Тут на каких-то 40 стра­ницах небольшого формата я просто и бесхитростно рас­сказал, что и как может делать священник на войне. Свою брошюру я писал исключительно для военного ду­ховенства и был искренне удивлен, когда на нее обрати­ла серьезное внимание светская печать, признавшая, что я осветил деятельность военного священника с совершен­но новой, до того времени неизвестной обществу, точки {80} зрения (В. В. Розанов посвятил моей брошюре целый восторжен­ный фельетон в «Новом времени».

           Казалось бы, совершенно простой вопрос: что делать священ­нику на войне? — на самом деле далеко не для всех был прост. Это служение можно свести к минимуму, но можно (и должно) расширять до бесконечности. Так, многие полковые священники во время боя просиживали в обозах, госпитальные ограничивали свои обязанности напутствием умирающим и погребением умер­ших и т. д.).

Теперь мне хотелось, чтобы Съезд, составлен­ный из выборных, лучших военных и морских священни­ков, проверил мой взгляд и выработал определенный план для духовной работы священника на поле брани. Намечено было и много других вопросов, по которым должен был высказаться Съезд. Военный министр одоб­рил мою мысль, и вопрос о созыве Съезда, таким образом, был решен. Сначала я хотел собрать Съезд по окончании лагерного времени, т. е. в августе, но потом передумал и объявил днем открытия Съезда I июля. На июнь же месяц я впервые за три года службы в должности про­топресвитера уехал в отпуск, в деревню.

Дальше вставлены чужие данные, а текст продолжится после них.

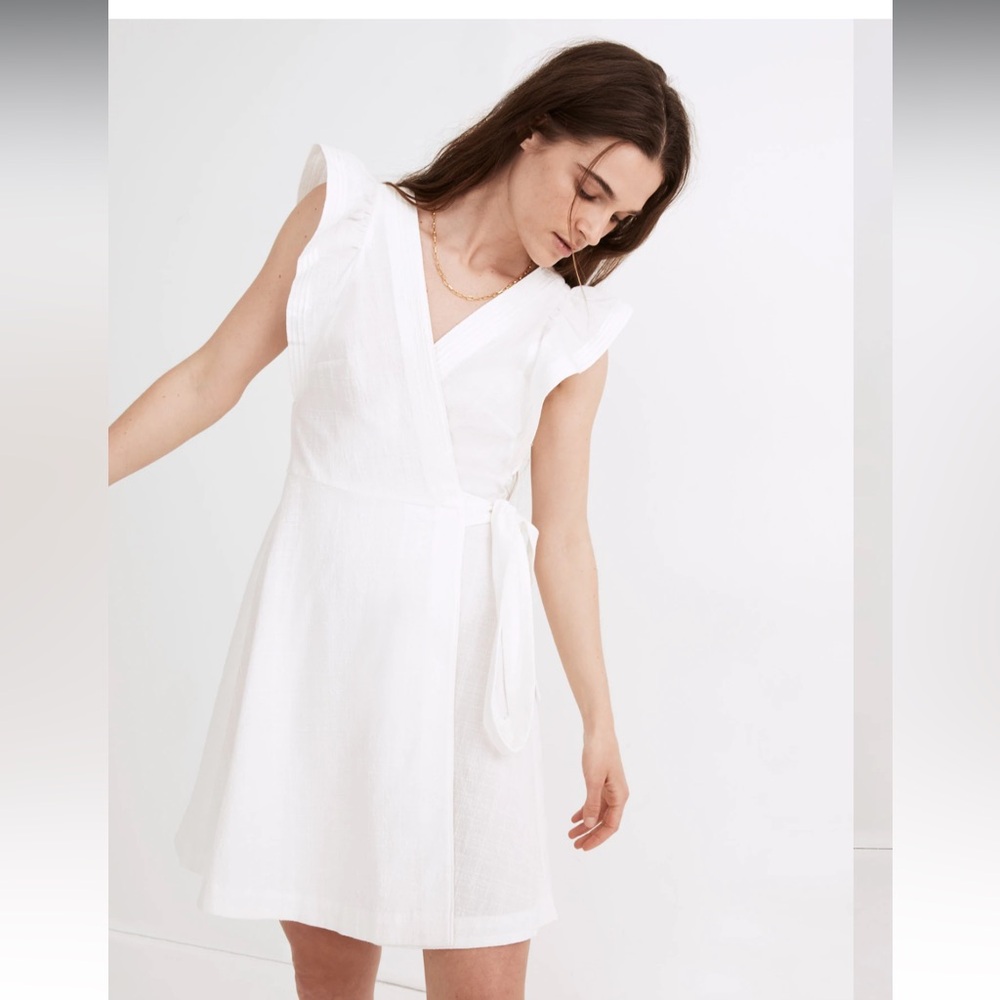 Madewell Ruffle-Sleeve Wrap Mini Dress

       Во время своего отпуска я навестил своего школь­ного товарища Павлина Мурашкина, священствовавшего в с. Иванове, Витебской губ., Невельского уезда. Это село находится в 7-8 в. от города Невеля и представляет чудный уголок. С одной стороны к нему примыкает большой (5 десятин) парк с деревьями самых разнообразных пород; с двух других сторон — село окружено живопис­ными озерами. Чудной архитектуры церковь и остатки большой барской усадьбы дополняют исключительную красоту села. Когда-то это было имение одного из богатейших вельмож Екатерининского века, генерала Ив. Ив. Михельсона, усмирителя Пугачевского бунта. Когда-то генералу Михельсону принадлежал почти весь Невель­ский уезд. Местное предание сохранило множество са­мых разнообразных воспоминаний о генерале и его не­удачном наследнике, в которых возможная историческая {81} правда причудливо сплеталась с явным неправдоподоби­ем.

Рассказывали, например, будто ген. Михельсон не­сколько раз ловил Пугачева и опять отпускал его, отняв предварительно у него всё награбленное, и что так, имен­но, главным образом, составилось огромное Михельсоновское богатство. После смерти Михельсона (1801 г.) всё его богатство скоро пошло прахом. Единственный сын Михельсона оказался беспутным кутилой и самоду­ром. Летом он иногда приказывал засыпать солью весь путь от с. Иваново до г. Невеля, чтобы ему можно было прокатиться на санках. Самодурство кончилось тем, что он умер почти бедняком.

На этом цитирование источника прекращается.